El Beach Club Tatoo es otra isla de prosperidad en medio de un momento complejo. Una recepcionista extranjera dice que la alberca, la música, y los grupos de visitantes mantienen activo el lugar a pesar del sargazo.
Este fin de semana hay tres grupos de mujeres festejando diferentes despedidas de soltera. La algarabía etílica y algo cinematográfica, disimula la presencia del gran enemigo. Apenas hay un grupo mínimo sobre los camastros de la playa. Los demás están en la alberca. La música está en un volumen lo suficientemente alto para que todo lo que tenga que ver con el mar desaparezca.
Más allá de las puertas de ese club, hay poco para ver. Los restaurantes lucen, al mediodía, y hasta bien entrada la tarde, vacíos. En un tramo de la franja hotelera, ya a esa hora, el olor del sargazo que ha quedado en la playa es nauseabundo.
El aburrimiento permite concentraste en otras cosas. Por ejemplo observar que Tulum tiene, quizá, algo que Cancún no tuvo nunca: el atrevimiento del diseño. Se construye con madera, se arriesga en las formas y los colores, y muchas veces el resultado es realmente interesante.
Pero en los techos, en las entrañas de esa mini ciudad caótica que se ha creado a orillas del mar, se pueden también ver los jirones de ese diseño. Los tinacos, los termotanques, los cables, algunos generadores solares; todo está ahí, mal disimulado, mostrando un desorden que uno imagina no ha de tener demasiado sustento administrativo ni legal.

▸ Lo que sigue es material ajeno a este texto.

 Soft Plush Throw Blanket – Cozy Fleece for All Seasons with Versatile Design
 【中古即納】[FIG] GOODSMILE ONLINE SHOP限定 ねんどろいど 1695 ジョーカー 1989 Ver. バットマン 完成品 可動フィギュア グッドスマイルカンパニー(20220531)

“Sigue viniendo la gente, pero no es la misma gente”. La noche ya cayó y el taxista propone su versión de lo que pasa en Tulum. “El que viene y pasa unos días con el sargazo no vuelve más; no sé cómo terminará esto”, explica.
La noche de Tulum es atractiva, glamorosa. Una parte de la franja hotelera, allí donde se asientan los lugares más convocantes, se transforma. Ese turismo descontracturado, ligeramente bohemio; el de las bicicletas y la conexión con la naturaleza, se transforma en otra cosa, o quizá simplemente desaparece y le cede su lugar a otros.

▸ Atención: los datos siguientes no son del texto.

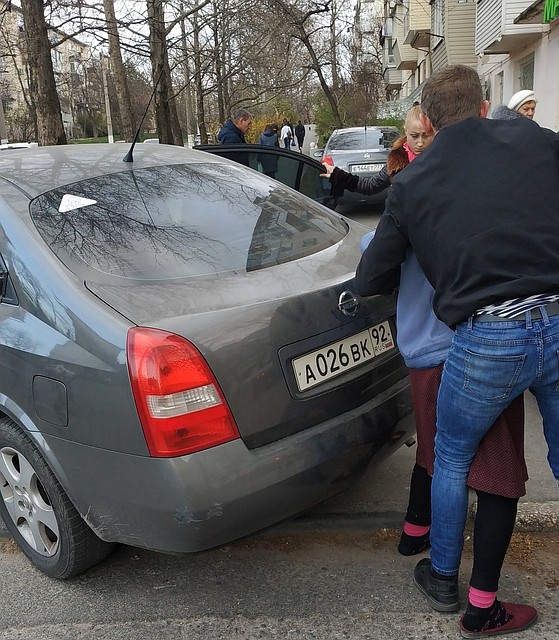 Фото: «Автопартнер Крым Севастополь ДТП»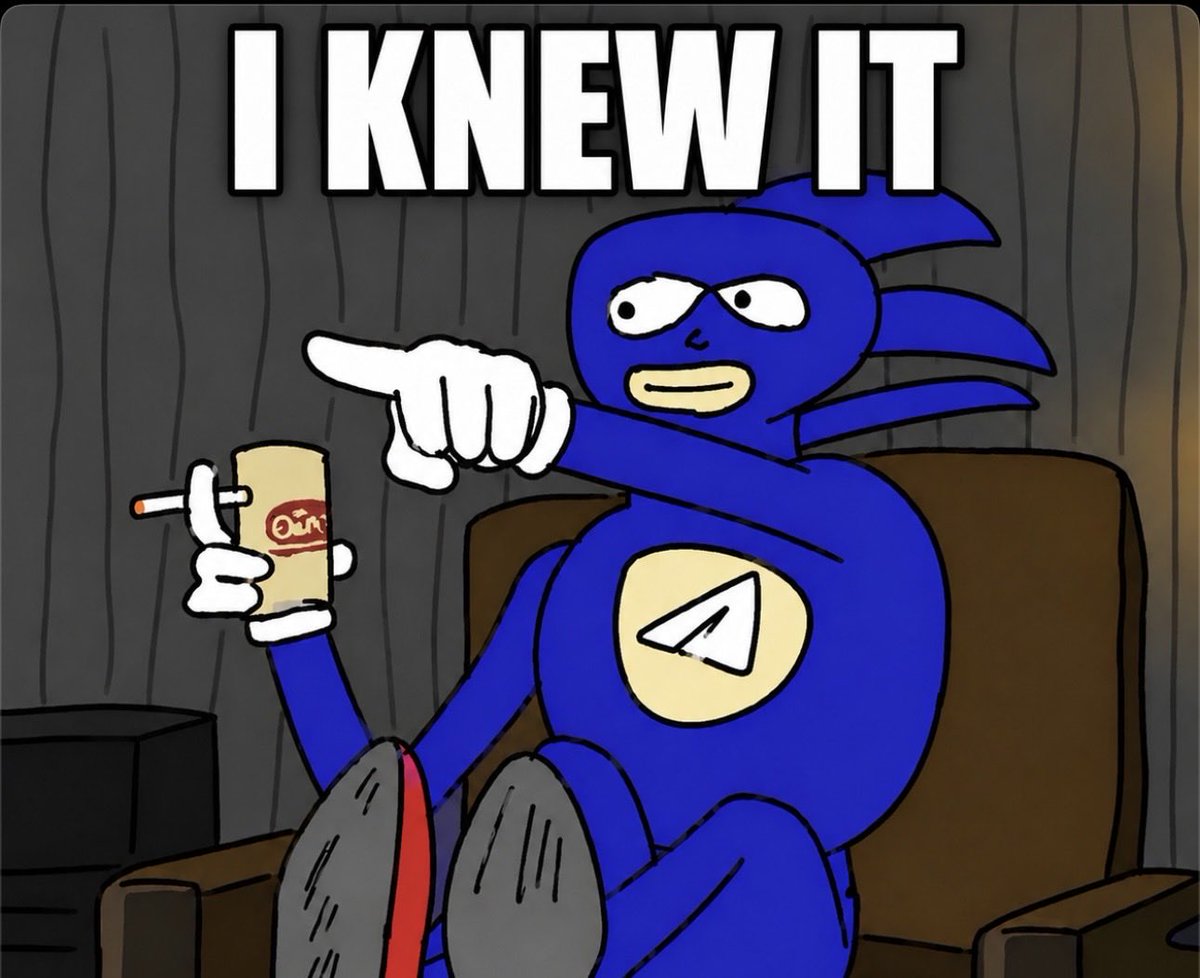 Gotta Go Fast tweet media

Cientos de norteamericanos y europeos se pasean por esos 300 o 400 metros donde parece concentrarse toda la fiesta. El restaurante Rosanegra, y el Gitano, son quizá el atractivo principal. Hay todo lo que hace falta para una noche única: cuerpos perfectos, tragos exóticos, tarjetas de crédito sin límite, y la intención de pasarla bien.
“Couc”. Ofrece un muchacho en la calle a todos los que se cruzan. Más allá y más acá, otros muchachos ofrecen lo mismo. Sorprende que la presencia policial es casi nula. A veces parece una tierra de nadie pactada entre todos.
A pesar del glamour, los problemas del Tulum “real” está ahí, vivos y presentes. Un taxista, enojado porque no pudo ejercer alguna de sus variadas prepotencias, decide quedarse en medio de la calle y atascar el tránsito. Nadie lo puede sacar de allí, hasta que decide por sí mismo que el castigo hacia la sociedad ya es suficiente.
Esa anarquía total es la que traen las noticias de más allá, de la ciudad real, que hablan de enfrentamientos latentes de taxis y mototaxis, de robos, de violencia, y de un municipio que ingresa a su edad adulta con demasiados desafíos en frente.